Glenn Beck e, na sequência de fotos, sua sátira da Casa Branca atacando os estúdios da Fox no mapa de Nova York: prontidão no telefone vermelho


A sincronia dos acontecimentos não deixa margem a dúvida. Primeiro, o presidente Barack Obama aplicou um castigo no inimigo. Depois, tentou amansá-lo, mandando um assessor com uma conversa de lábios de mel. Também não deu certo. Aí, na semana passada, abriram-se as baterias contra o inimigo – no caso, a Fox News, o canal de notícia mais popular da TV a cabo dos Estados Unidos. O primeiro torpedo veio quando o porta-voz do governo, Robert Gibbs, disse que já viu muitas reportagens na Fox que "não são verdadeiras". Em seguida, despejando chumbo mais grosso, veio o segundo torpedo. Em entrevista à CNN, concorrente da inimiga, a chefe da assessoria de imprensa da Casa Branca, Anita Dunn, acusou a emissora de ser um "braço do Partido Republicano" e anunciou que o governo vai tratá-la do "mesmo jeito que trata um oposicionista". Foi como uma declaração oficial de guerra. Tudo porque a Fox critica, denuncia e azucrina a administração Obama dia após dia. Das grandes redes, é a única emissora da televisão americana que faz o que toda a imprensa deveria estar fazendo: fiscalizar o governo.

O troco veio na forma amarga do ridículo. O apresentador Glenn Beck, 45 anos, humorista nato, dono da audiência que mais cresce no país, deitou e rolou. Na segunda-feira, abriu seu programa na Fox com um mapa de Nova York, marcou o local do edifício da emissora, cercou-o com aviões e tanques militares de plástico e esbravejou: "Este é o inimigo, América! Tudo o que está errado no país acontece bem aqui!". No dia seguinte, instalou no estúdio um telefone vermelho para que a Casa Branca ligue quando ouvir uma informação mentirosa. Desde então, ele vive sussurrando ao telespectador: "Anita Dunn ainda não ligou...". Pegou no pé da moça. Mostrou um vídeo em que Dunn exibe a coe-rência de seu ideário – é fã, em igual medida, de Madre Teresa de Calcutá e Mao Tsé-tung. As escaramuças contra a Fox vêm de antes. Em setembro, Obama fez um tour dominical pelas TVs e excluiu a Fox. Depois, despachou seu auxiliar, David Axelrod, para uma conversa sigilosa com Roger Ailes, cérebro do sucesso da emissora. A conversa não serviu para sossegar o governo.
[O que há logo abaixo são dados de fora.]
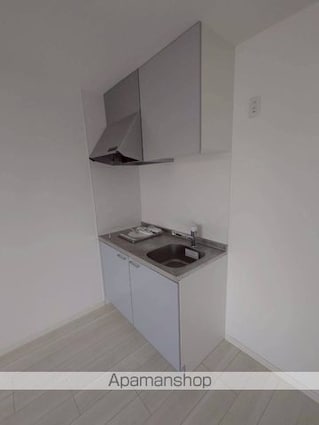 フレーミー仙川[1R/24.22m2]のキッチン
Fundada em 1996, a Fox News integra o conglomerado do bilionário Rupert Murdoch, do qual faz parte o Wall Street Journal, que acaba de roubar do USA Today a coroa de o maior jornal do país. Já na campanha eleitoral, a Fox ficou nos calcanhares de Obama. Jogou luz sobre seu pastor, Jeremiah Wright, o amalucado que pedia "Deus amaldiçoe a América". Obama deixou a igreja. Depois da posse, coube à Fox divulgar que o responsável por empregos ecológicos da Casa Branca, um tal de Van Jones, era um radical esquerdista do tipo que acusa o governo de tramar o 11 de Setembro. Jones foi demitido. A Fox também noticiou que a Acorn, entidade ligada aos democratas que atua no movimento comunitário e recebe dinheiro público, é um antro de ilegalidades. Equipes flagraram funcionários da Acorn ensinando a sujeitos que se faziam passar por imigrantes como montar uma casa de prostituição com meninas menores de idade. Não foi um azar da Acorn. Ensinar a cometer crimes parece parte dos seus serviços. O flagra deu-se em seis escritórios da Acorn em diversos estados, e em todos a orientação sobre como explorar sexualmente menores de idade foi dada com a mesma precisão. O Congresso se limitou a cortar o dinheiro da Acorn.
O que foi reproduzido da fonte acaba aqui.